The New York Board of Trade's front-month July contract lost $11 to settle at its session low at $1,523 a tonne, after hitting a higher of $1,542 in the day.
Most-active September cocoa closed down $13 at $1,531 a tonne, just off the bottom of its $1,530 to $1,555 trading band, while back months ended $13 to $15 weaker.
Cocoa futures started the session flat and proceeded to trade on either side of unchanged before speculators sold the market on a lack of follow-through buying.
"We just consolidated today from last week's rally," said one dealer. Last week, the cocoa market rebounded from 11-month lows on a bout of short covering and fund buying, mainly attributed to a combination of dollar weakness, positive technical signals and renewed doubts about a peace process between civil war foes in No 1 cocoa producer Ivory Coast.
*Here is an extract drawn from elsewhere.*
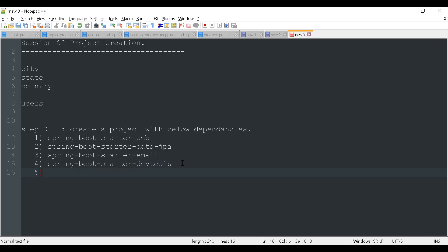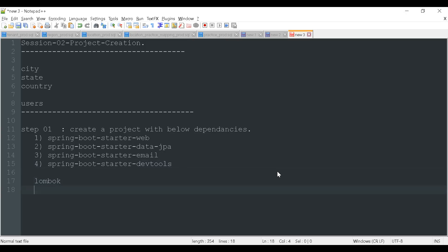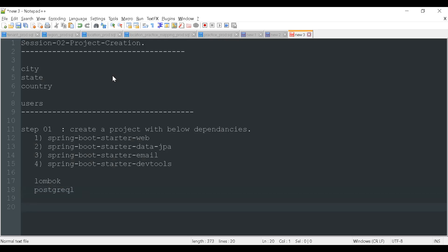You can additionally add the Lombok dependency. You have to download Lombok for the getters and setters. We also need to give the PostgreSQL dependency. I'm using a Postgres database here so I'll use the PostgreSQL driver. So this is the first step you have to follow. I'm saving this into my system.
Over the weekend, Ivory Coast's President Laurent Gbagbo bolstered the country's military presence in the troubled west and in the main city of Abidjan on Friday, saying he wanted to ensure elections could go ahead as planned in October.
"This just shows that you really don't want to be short this market due to political uncertainties in Ivory Coast," said a cocoa broker.
In other news, the latest weekly Commitments of Traders data issued by the Commodity Futures Trading Commission showed the net speculative position in NYBOT cocoa turned long by 3,434 contracts as of June 14, compared with 953 contracts net short on June 7.